This hands-on guide for neophyte genealogists explains everything you need to know to trace your family tree--including how to begin, where to go for help, and how to organize your findings.
I approached this book with an unfoundedly snide 21st-century attitude: with the library book sale coming up, I wanted to read this one and get it into the donation bag. I underestimated this 1973 publication, thinking that all the information within is easily found on the web these days. It probably is in one way or another, but not condensed and organized as well as this book does in under 200 pages.
Because it's a product of the American Genealogical Research Institute, it is up-front about being a resource for tracing your American roots. There is some information about foreign sources, but it's largely about finding your family history here in the States-- so if your American family is limited to the people on your holiday card list, there will be limited value here.
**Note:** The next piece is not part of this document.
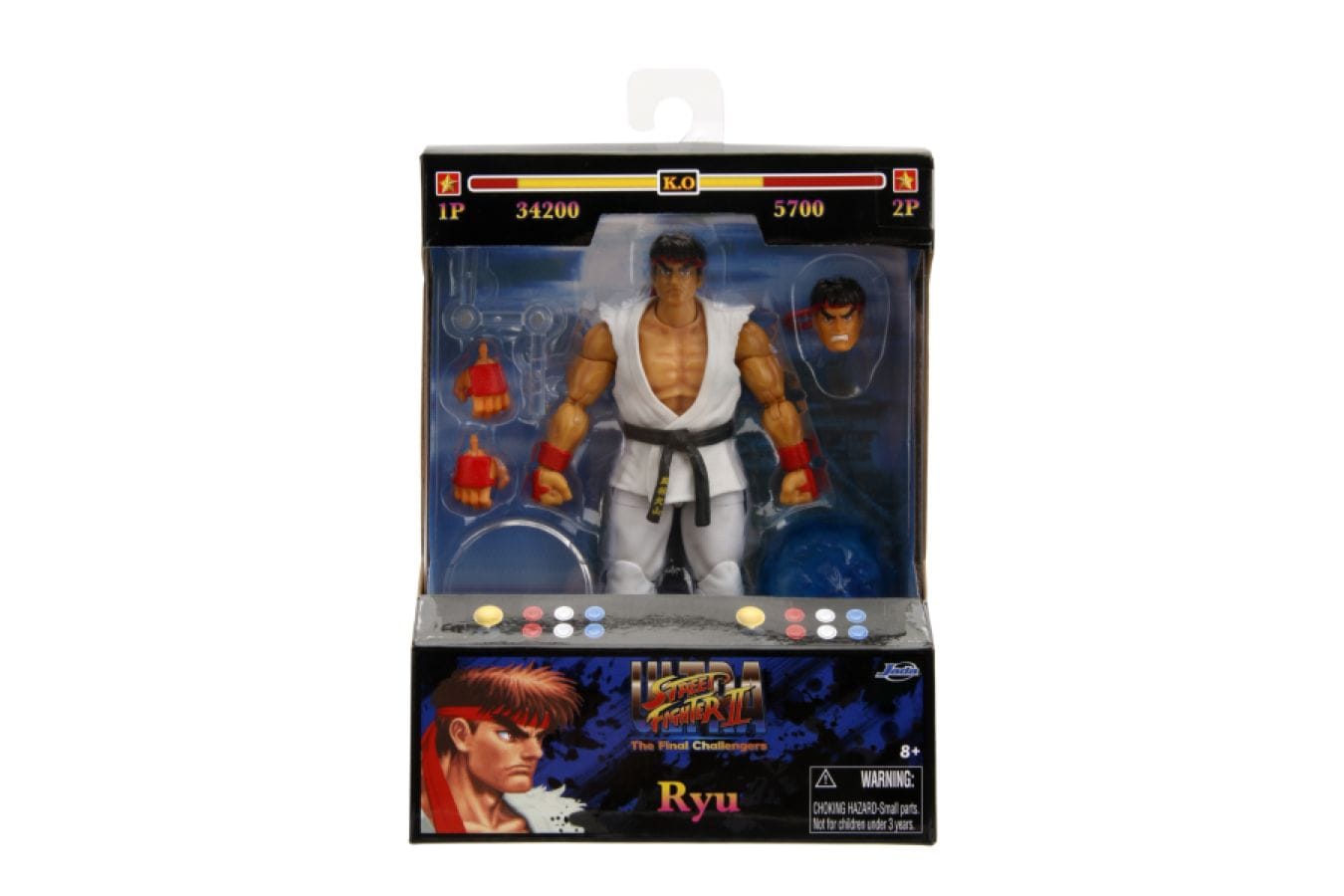 Jada Toys Street Fighter - Ryu 6" Action Figure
But if you have ancestors who go back beyond living memory, this book is a gold mine for getting started on going back in time to find out who was where and when, complete with strategies for working understaffed courthouse records, church records, and cemeteries.
Along with much practical information on how-to, there is a revealing history of why people came to America in the first place: not so many for religious freedom, as has been simplified in our history, but many more for economic reasons and not a few for needing "transport," which the book points out translates to today's "deport." A good many of our forebears were "transported" here because the criminal system in their countries of origin had run out of money and needed to be rid of them, so they were indentured here and perhaps rehabilitated into upstanding citizens. Another good section is on heraldry, with the author there debunking many long-held ideas on coats of arms and the history behind them, as well as advice for us upstarts on designing our own, which it turns out we have every correct right to do.
Many of the state records addresses are obsolete nearly 40 years on, so those pages are not worthwhile, but the list of historical and genealogical organizations in the back is priceless. Among the Daughters of the American Revolution, Sons of the Pioneers, and Colonial Lords of Manors is the jewel in the crown of groups I now want to research my way into: the Descendants of the Illegitimate Sons and Daughters of the Kings of Britain. Fingers crossed!